Hemoglobin polymorphism in the deer mouse, Peromyscus maniculatus, represents an especially promising system for examining the molecular underpinnings of physiological adaptation to different environments. P. maniculatus has the broadest altitudinal range of any North American mammal, as the species is continuously distributed from sea-level environments to alpine environments at elevations above 4,300 m. At 4,300 m, the partial pressure of oxygen (Po2) is approximately 55% of the sea-level value, and the resultant hypoxia imposes severe constraints on aerobic metabolism. Experimental evidence indicates that adaptive variation in blood biochemistry among mice from different elevations is associated with a complex hemoglobin polymorphism [8–11]. Specifically, experimental crosses involving wild-derived strains of P. maniculatus revealed that variation in blood oxygen affinity is strongly associated with allelic variation at two closely linked gene duplicates that encode the α-chain subunits of adult hemoglobin [12,13]. In P. maniculatus, the two α-globin gene duplicates, Hba and Hbc, are each polymorphic for two main classes of electrophoretically detectable protein alleles, Hba0, Hba1, Hbc0, and Hbc1 [8,9,14,15]. These loci are closely linked, and because of strong linkage disequilibrium, nearly all α-globin haplotypes fall into two main classes: a0c0 and a1c1. The three nonrecombinant genotypes exhibit a highly consistent rank-order of blood oxygen affinities when tested under both high- and low-altitude conditions: mice with the a0c0/a0c0 genotype exhibit the highest affinity (the most left-shifted oxygen dissociation curve), mice with the a1c1/a1c1 genotype exhibit the lowest affinity (the most right-shifted dissociation curve), and the a0c0/a1c1 double heterozygotes are intermediate [12,13]. In these experiments, the wild-derived strains of mice carried different α-globin haplotypes in identical-by-descent condition, and the effects of the two genes were isolated against a randomized genetic background.
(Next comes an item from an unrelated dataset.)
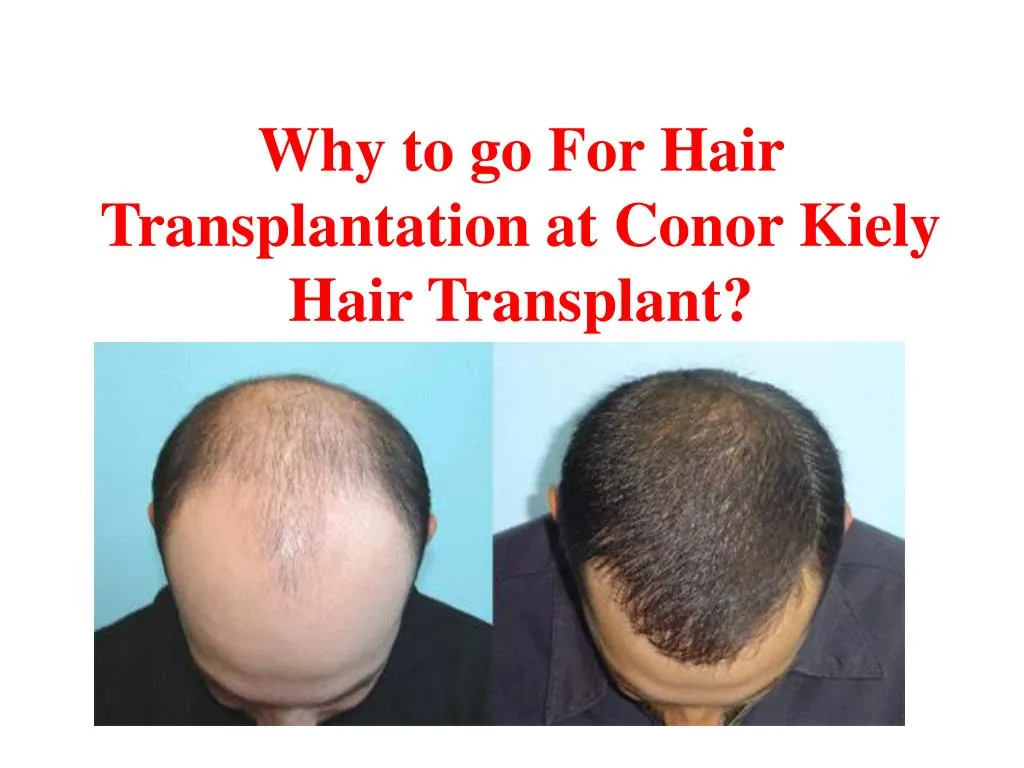 why to go for hair transplantation at conor kiely hair transplant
In addition to the effects on blood biochemistry, the phenotypic effects of these α-globin genes are also manifest at the level of whole-organism physiology. In the context of adaptation to high-altitude hypoxia, one especially important measure of physiological performance is Vo2max, which is defined as the maximal rate of oxygen consumption elicited by aerobic exercise or cold exposure. Vo2max sets the upper limit on two important types of physiological performance: capacity for sustained activity (aerobic capacity) and internal heat production (thermogenic capacity). This measure of aerobic performance shows a striking pattern of variation among mice with different α-globin genotypes: Vo2max is highest for a0c0/a0c0 mice when tested at an altitude of 3,800 m, whereas Vo2max is highest for a1c1/a1c1 mice when tested at 340 m [12,13].
Consistent with predictions based on physiological considerations, survivorship studies of free-ranging P. maniculatus revealed that Vo2max is subject to strong directional selection in high-altitude populations of this species . This system therefore fulfills several key requirements for a comprehensive study of adaptive evolution at the molecular level , as there are clearly defined connections between genotype, phenotype, and Darwinian fitness in natural populations.
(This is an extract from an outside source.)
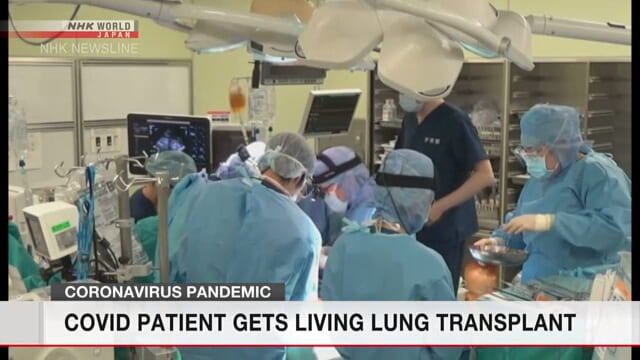 transplante pulmao coronavirus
The physiological data indicate that the high-affinity a0c0/a0c0 genotype is associated with superior physiological performance under hypoxic conditions at high altitude but is associated with poor performance (relative to the a1c1/a1c1 genotype) in the oxygen-rich environment at sea level. In both altitudinal extremes, the a0c0/a1c1 heterozygotes are generally intermediate with respect to both blood oxygen affinity and Vo2max [12,13]. This rank order of genotypic effects appears to be attributable to the fact that the possession of high-affinity hemoglobin facilitates pulmonary oxygen loading in high-altitude environments that are characterized by a low Po2 but hinders the release of oxygen to metabolizing tissues in low-altitude environments with relatively high Po2.
In summary, this system represents a unique case where fitness-related variation in whole-organism physiology can be related to a relatively simple biochemical phenotype (blood oxygen affinity) that has a well-characterized genetic basis. Thus, examination of DNA sequence variation at the underlying α-globin genes should reveal the specific molecular changes that underlie physiological adaptation to high-altitude hypoxia. For example, it may be possible to determine whether adaptive modifications of hemoglobin function involve just a few amino acid mutations of large effect or many mutations of individually small effect [3,17]. Mutations of large effect might be expected to involve heme–protein contacts, intersubunit contacts, or binding sites for heterotropic ligands that modulate hemoglobin-oxygen affinity [17–20]. By contrast, the gradual accumulation of minor mutations may produce adaptive shifts in oxygen affinity through more subtle and indirect effects on the stereochemistry of ligand binding. In addition to elucidating molecular mechanisms of physiological adaptation, the analysis of DNA sequence variation at fitness-related genes should provide insights into the mode of selection that is responsible for maintaining variation in protein function.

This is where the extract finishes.